La Corte debería concentrarse en la preservación de las bases del procedimiento democrático; para justificar esta afirmación basta con reconocer lo que buena parte de la doctrina contemporánea reconoce. Ocurre que la Argentina representa hoy un caso (extremo) más de un problema extendido en buena parte de Occidente, y que tiene que ver con la consolidación de cambios sociales y económicos que han puesto en crisis el constitucionalismo nacido hace dos siglos. El derecho comparado viene insistiendo, en las últimas décadas, en llamar la atención sobre el problema de la “erosión democrática”, que nos habla de cuestiones bastante evidentes: expresiones de una crisis que conocemos. En América Latina, el examen de situación puede comenzar con lo que resulta una buena noticia: hoy ya no ocurre lo que fue la regla en siglo XX en materia de estabilidad democrática. Han terminado esos procesos de quiebra recurrente en el sistema institucional: la práctica habitual de los golpes de Estado. Sin embargo, lamentable y esperablemente, esa “buena noticia” no ha significado la transformación de nuestros sistemas constitucionales en democracias sólidas, estables y justas. Como dijo Guillermo O’ Donnell, hoy nuestras democracias no “mueren de un solo golpe”, violentamente como antes, sino que se van desangrando a través de “mil cortes” –ninguno fatal, todos muy serios– que conducen a la “muerte lenta” del sistema. Típicamente, reemplazamos los golpes de Estado por líderes más o menos autoritarios que, “desde adentro”, van “aflojando las tuercas” del sistema, desmontando la maquinaria democrática de “frenos y balances”. Explicar la llegada de esos líderes autoritarios y la falta de confianza ciudadana en su clase dirigente nos llevaría muy lejos (deberíamos hablar de desigualdades sociales profundas, pero también del fin de las sociedades pequeñas, divididas en pocos grupos homogéneos, con intereses estables, sobre las cuales se erigió el constitucionalismo que conocimos). El hecho es que, por diversas razones, vivimos hoy (en la Argentina y más allá) en sociedades políticamente polarizadas y socialmente injustas, con clases dirigentes deslegitimadas, ciudadanos dispuestos a canalizar su “sed de venganza” en las urnas, y líderes que acceden al poder con la promesa principal de “romperlo todo”.

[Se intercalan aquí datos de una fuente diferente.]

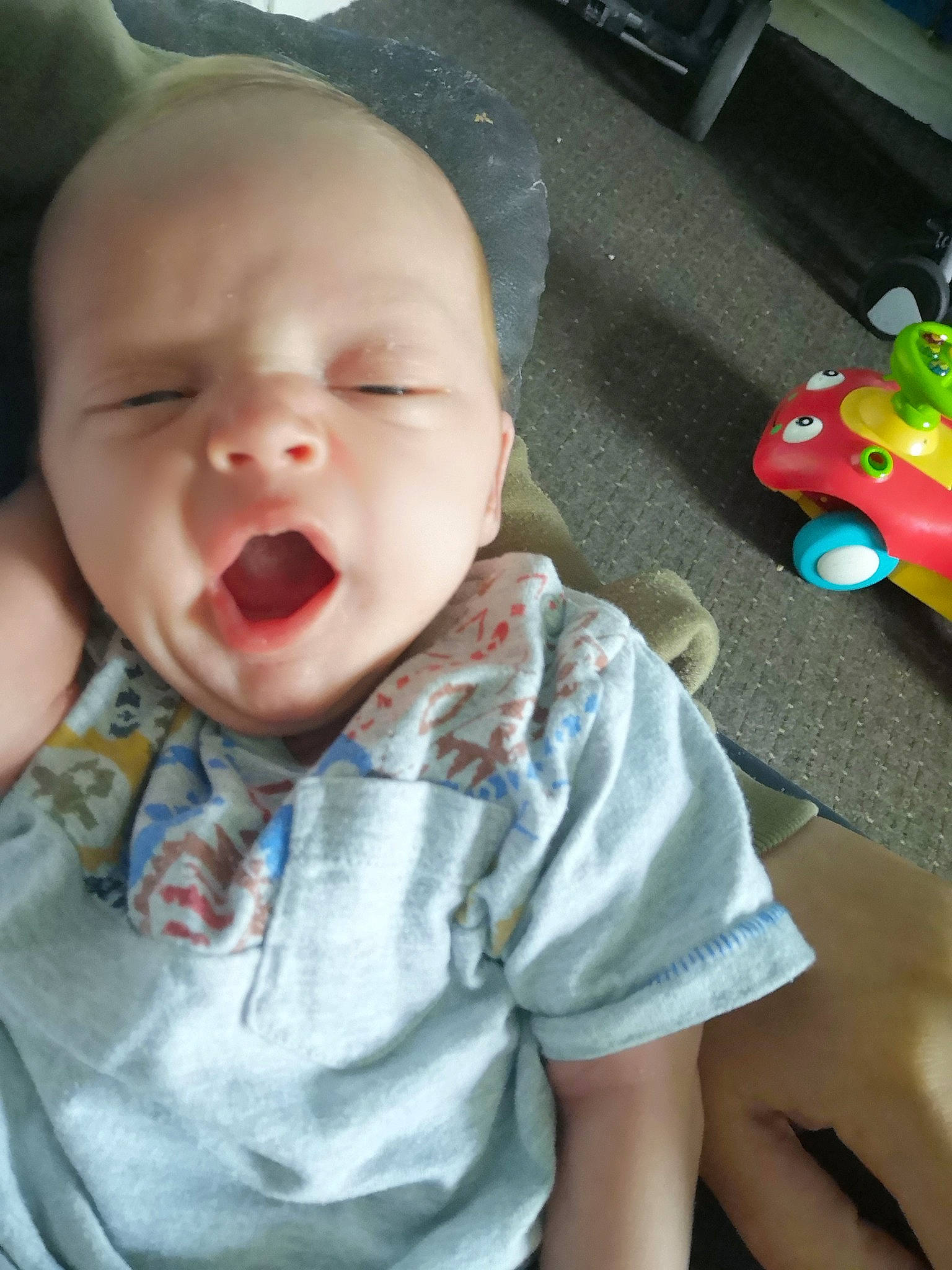 Kyan is registered to the contest to win money with this photo: baby, baby_laughing, baby_making_funny_faces, cheek, child, face, facial_expression, fun, head, laugh, lip, mouth, nose, person, play, skin, smile, toddler, tongue, tooth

Ese es el marco social, legal y político en el que nuestras Cortes actúan: una casa que se derrumba, y que recurrentemente queda a cargo de personas que portan un hacha en la mano: líderes que, como Trump, o Milei, o Bolsonaro, o Erdogan, u Orban, se muestran dispuestos a concretar su personal “asalto” a las instituciones, hasta someterlas a su arbitrio. Se trata de personajes que, habitualmente, aparecen dispuestos a favorecerse a sí mismos, ya sea haciendo negocios (más dinero) o maximizando sus capacidades de actuar discrecionalmente (más poder), a costa de la legalidad democrática. Frente a semejante cataclismo, las Cortes no pueden actuar como si viviéramos en “tiempos normales.”
Más bien lo contrario. Por eso, las mejores reflexiones sobre los deberes de las Cortes (qué deben hacer, cuándo deben intervenir y de qué modo) son aquellas que comienzan con un análisis sensible a los “problemas del tiempo”. Tales análisis parten siempre de la pregunta apropiada: ¿cuáles son, hoy, las principales amenazas que sufre nuestra democracia constitucional? En una de las pocas ocasiones en que la Corte de Estados Unidos reflexionó sobre los alcances de su propia labor (la célebre nota al pie n. 4 del fallo Carolene Products, de 1938), el tribunal elaboró una respuesta de ese tipo, es decir, una respuesta plenamente sensible a los más graves problemas de su tiempo. Sostuvo entonces que, en el contexto de una política que tendía a ser “capturada” por los lobbies en el poder, y gobiernos que recurrentemente se mostraban dispuestos a “dejar fuera de juego” a ciertas minorías (negros, homosexuales, etc.), su misión debía concentrarse en dos tareas principales: “mantener abiertos los canales del cambio político” (impidiendo los procesos de “captura” por el gobierno a cargo) e impedir las discriminaciones contra minorías “discretas e insulares”. Toda la atención y energía de los tribunales debía dirigirse a atender y remediar tales recurrentes patologías.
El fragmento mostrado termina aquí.